Too often the maintenance budget is seen as an easy target for cost reductions. For correctional facilities, the long-term impact of not spending the right money on maintenance exposes the facility to significant risk. Inmate complaints and unrest, increased vandalism, litigation, and even rulings by outside agencies are common situations when facilities are poorly maintained.
The ability to demonstrate the effectiveness of maintenance funding helps mitigate maintenance budget cuts. Showing that every maintenance technician is an integral part of the program through technician OCE may help avoid layoffs or reassigned personnel. During the good times, additional funds may be made available because previous budgets are well managed.
A periodic and thorough review of your performance compared to your priorities and facility needs will indicate obvious areas of deficiency and weakness. Identifying deficiencies will help maintenance managers understand if they have resources allocated properly, if they are following the established priorities, show trends like vandalism increases or equipment failures, and more.

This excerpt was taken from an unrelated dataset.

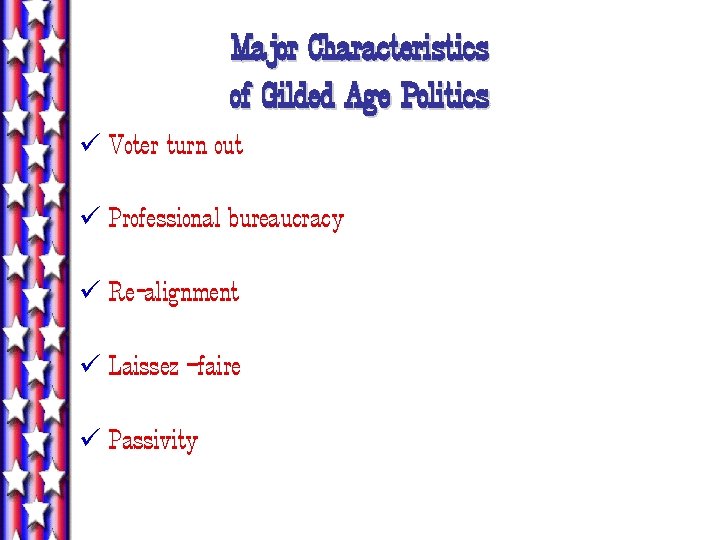 Major Characteristics of Gilded Age Politics ü Voter turn out ü Professional bureaucracy ü Major Characteristics of Gilded Age Politics ü Voter turn out ü Professional bureaucracy ü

This kind of honest review can provide maintenance managers with a road map to improve maintenance performance.
These methods for measuring the success of your maintenance program are not simple – but with the right approach, they don’t have to be overwhelming.
Gathering and organizing your performance data takes dedication and consistency, and requires training technical personnel on the necessity of tracking details. Time must be allocated every week and every month to report, read and analyze information, but a commitment to documenting your maintenance plan will reap benefits in a very short time.